Bir enlem çizin dünya üzerinde Türkiye'nin zengin kuzey ile yoksul güneyin tam ortasında kaldığını görürsünüz . Aynı biçimde bir boylam çizin. Bu kez de Türkiye'nin demokratik batı ile anti demokratik doğunun tam ortasında kaldığını görürsünüz. Yani Türkiye Jeo Stratejik açıdan kritik bir noktada. Bunun, bazılarının söylediği "dış düşman edebiyatı" ile alakası yok. Başka bir şeydir benim söylemek istediğim.

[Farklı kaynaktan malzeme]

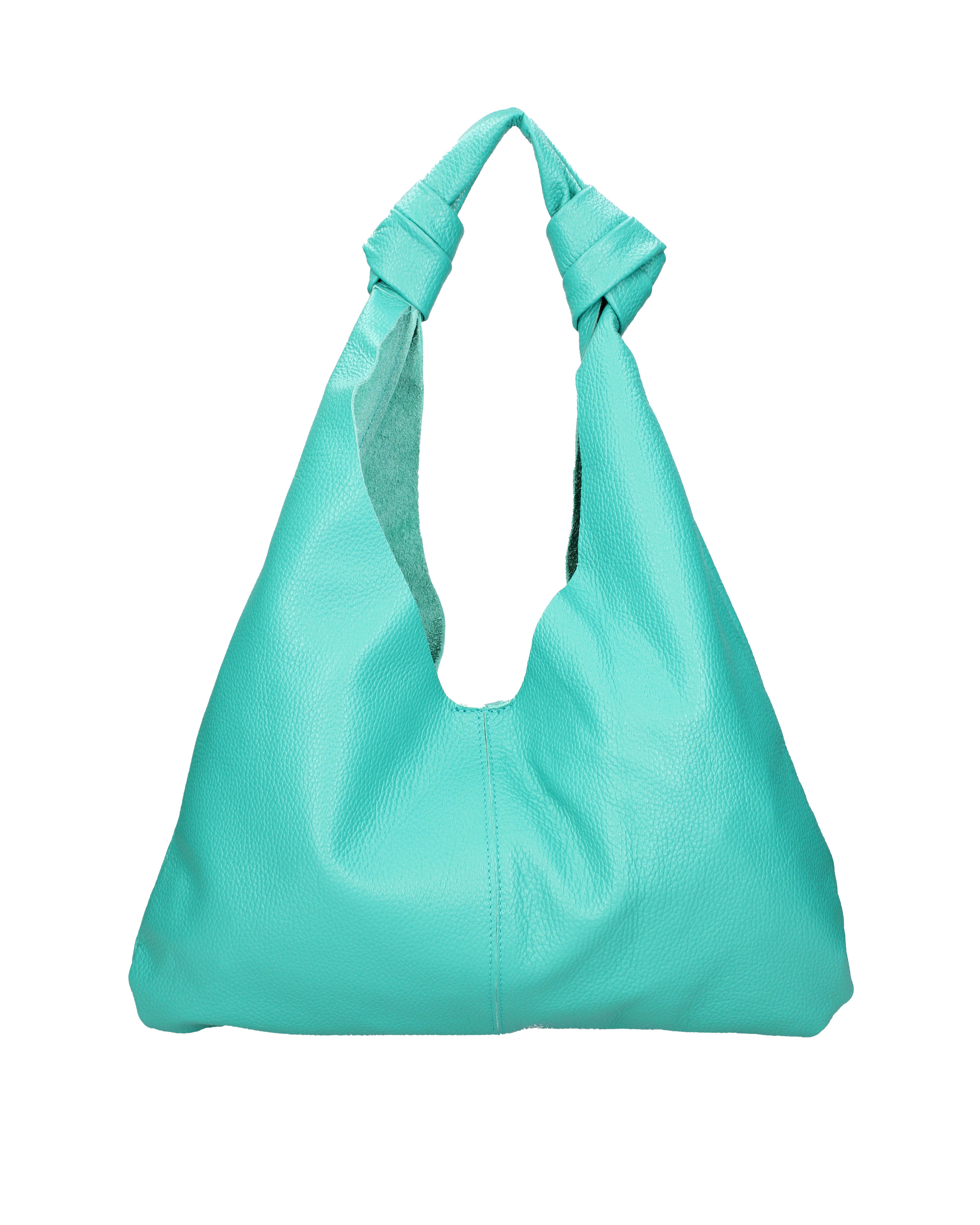 Borsa a spalla da donna 100% vera pelle 07156-D30 SMERALDO Viola Castellani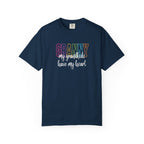 Grandma T-Shirt - "Grandma my grandkids have my heart" Soft Pastel Gift for Mothers & Grandparents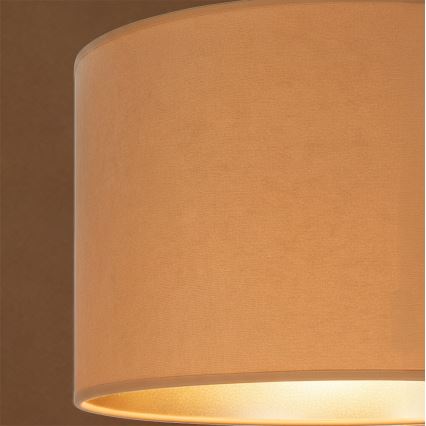 Brilagi - Luster na kabelu VELVET 1xE27/60W/230V Ø 40 cm bež/zlatna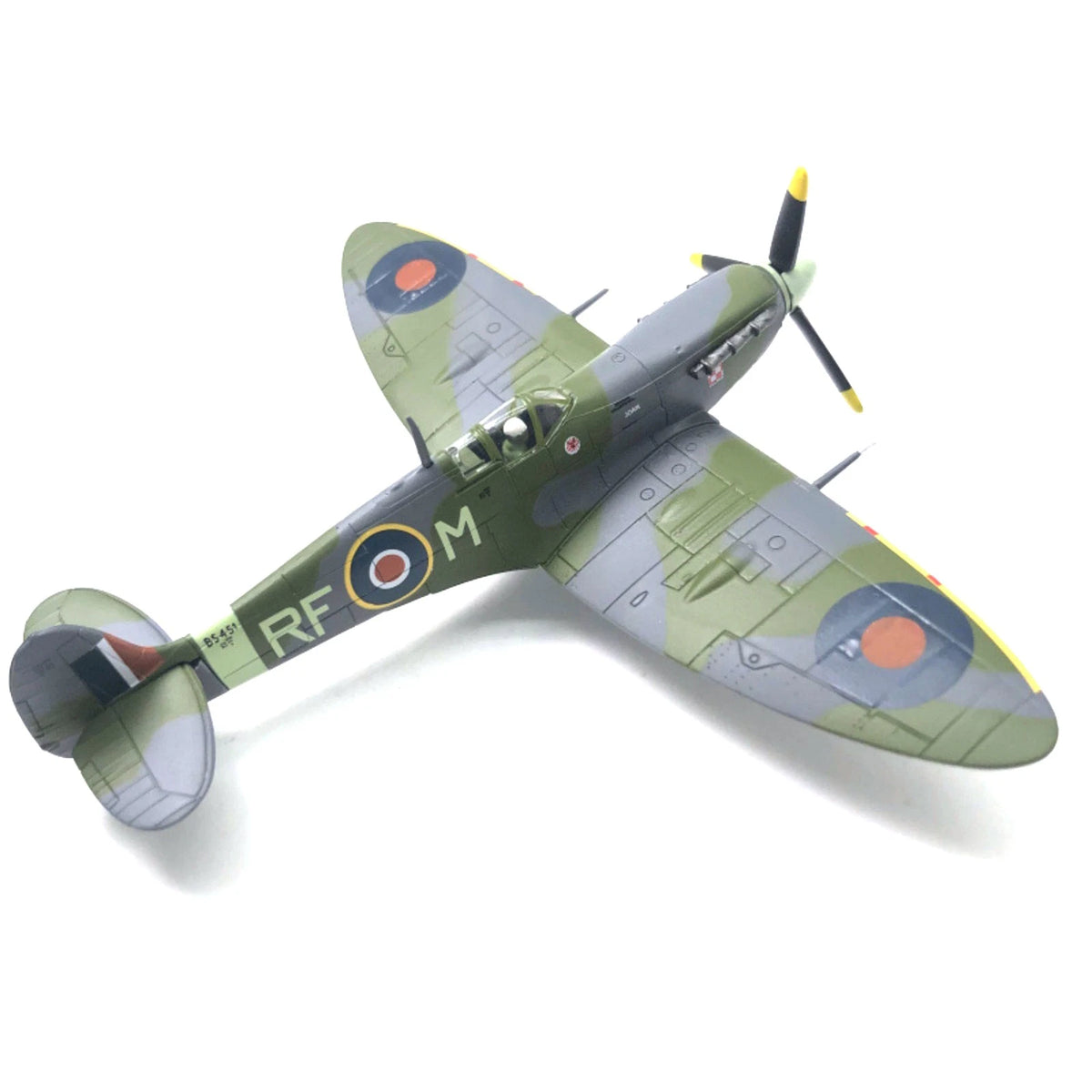 1/72 Spitfire Fighter WWII Legendary Diecast Airplane Model Static Display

Ünlü sosyolog Monteskquieu'nun dedği gibi "coğrafya kaderdir". Napolyon da "Bana coğrafyanızı söyleyin size geleceğinizi söyliyim" demiştir. Buna içinden geçilen zamanın ruhunu da eklemek lazım. Şimdi daha da kritik bir zamandan geçiyoruz, hem siyasi, hem hukuki hem de ekonomik olarak. Bu koşullarda ülkenin nerde duracağı ya da nereye savrulacağı, değişimin yönü, hızı ve niteliğine bağlı. Yani biraz doğuya itilse anti demokratik ülkelerin yanına savrulacak, biraz güneye kaysa gelişmemiş ülkeler kervanına katılacak. Hem ekonomi hem de demokrasi açısından öyle kritik bir noktadayız. Tabi gelişmelere göre tersi de mümkün olabilir.